Warum sollte nicht der naheliegende Erhalt des Planeten, das große, verbindende Ziel sein? Wieso der Griff nach den Sternen? Zunächst ist klarzustellen, dass der Planetenerhalt und sogar Erhalt des Homo Sapiens selbstverständlich unterliegende, prioritäre Ziele sind. Obwohl diese Ziele jedem denkenden Wesen sicherlich einleuchten, reicht es doch bisher nicht aus, die Menschheit darauf auszurichten. Es ist ein bisschen wie mit gesundem Leben. Jede*r weiß, dass viel Fleisch, Chips und fettige Pizzen ungesund sind. Wir wissen auch dass Alkohol, Zigaretten und Stadtluft ein langes Leben nicht gerade fördern. Jede*r ist sich bewusst, dass Kraft- und Ausdauersport verbunden mit hinreichend Dehnung die Lebensqualität fördert. Kaum eine*r macht es konsequent. Es wäre aber doch – ähnlich wie der Planetenerhalt für die Menschheit – ein naheliegendes Ziel im Leben jedes Einzelnen. Kaum geben wir uns ein Ziel außerhalb des Alltäglichen, Selbstverständlichen vor – nehmen wir als Beispiel einen Marathonlauf in 12 Monaten – fangen die meisten von uns an, gesund zu leben. Von einzelnen Individuen abgesehen, scheint die menschliche Psyche das Selbstverständliche/Vernünftige nicht als motivierendes Ziel zu akzeptieren. Selbst Personen, die mit großer Hingabe an Themen zur Verlängerung des menschlichen Lebens forschen oder sich als Ärzt*innen der Gesundheit des Menschen verschrieben haben, sind in den eigenen Lebensgewohnheiten nicht daran ausgerichtet. Wenn die gleichen Personen Ziele im Außen haben, wie Erfolg bei dem oder der Angebeteten, einem bestimmten Job oder auch nur ein Reisetraum und dafür ein gesunder Lebenswandel hilfreich ist, funktioniert es plötzlich.
Problemlöser
Evolutionär sind wir eben Problemoptimierer.
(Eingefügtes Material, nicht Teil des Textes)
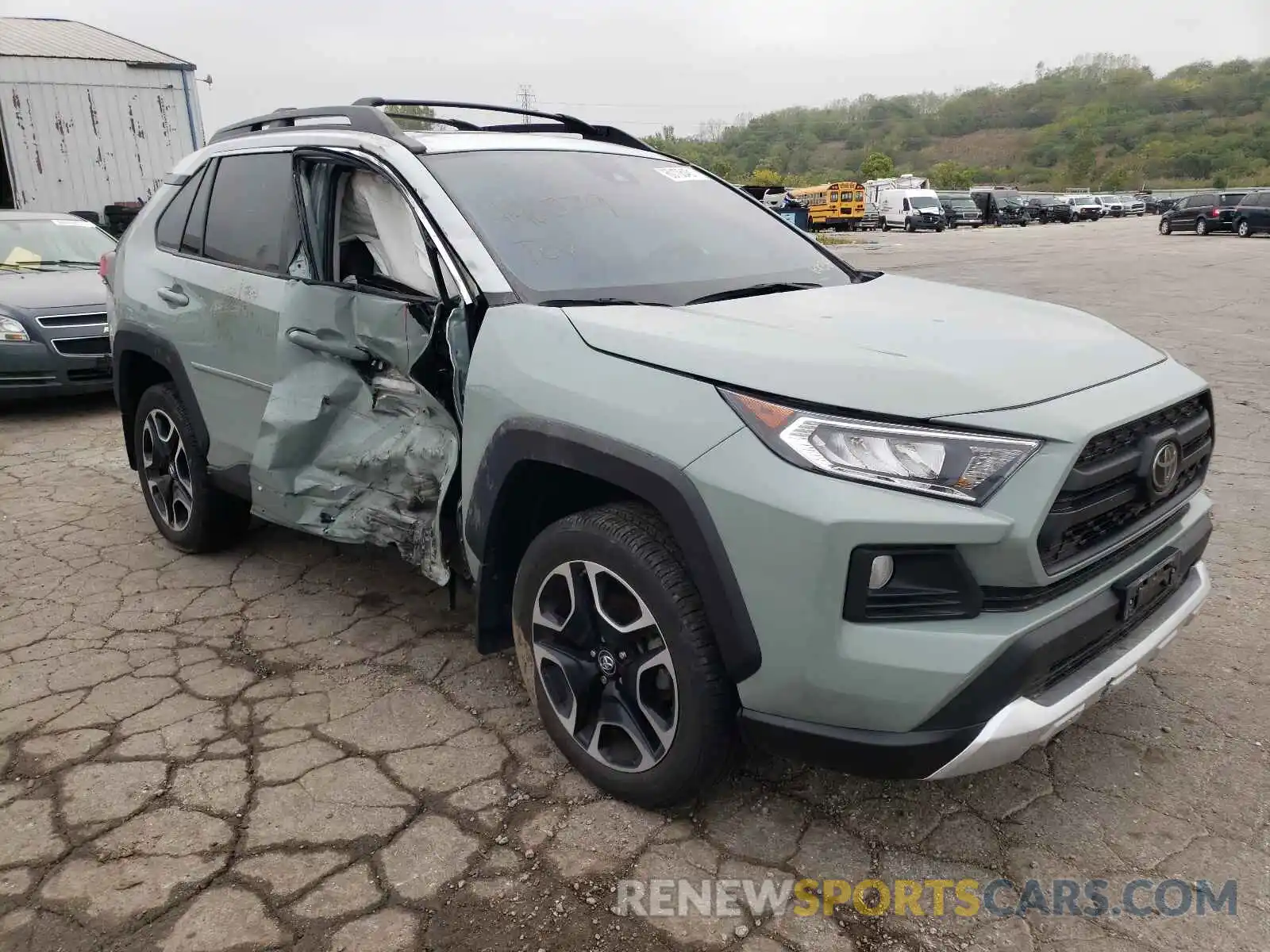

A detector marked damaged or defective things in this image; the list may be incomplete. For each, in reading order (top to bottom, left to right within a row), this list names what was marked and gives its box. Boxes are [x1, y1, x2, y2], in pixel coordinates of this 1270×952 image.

cracked asphalt [2, 217, 1270, 952]
damaged toyota rav4 [106, 100, 1213, 806]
Das Selbstverständliche übt nicht den gleichen Reiz aus. Diese Mechanismen lassen sich von der individuellen Ebene auf das Kollektiv übertragen. Für die Menschheit wäre es deswegen hilfreich, ein Ziel im Außen zu finden, das als Reflex den Planetenerhalt wichtig erscheinen lässt und die Perspektive auf unser Zusammenleben ändert. Weltraumbesiedlung, im Sinne eines erweiterten Wirkkreises für die Menschheit – nicht im Sinne eines Verlassens einer ausgebeuteten Erde – könnte eine solches Ziel sein. Der Umweltschutz und Nachhaltigkeit an sich müssen natürlich weiter beworben werden. Die Anstrengungen müssen hier sogar deutlich erhöht werden. Aber als alleiniges Ziel hat es der Planentenerhalt massenpsychologisch schwer.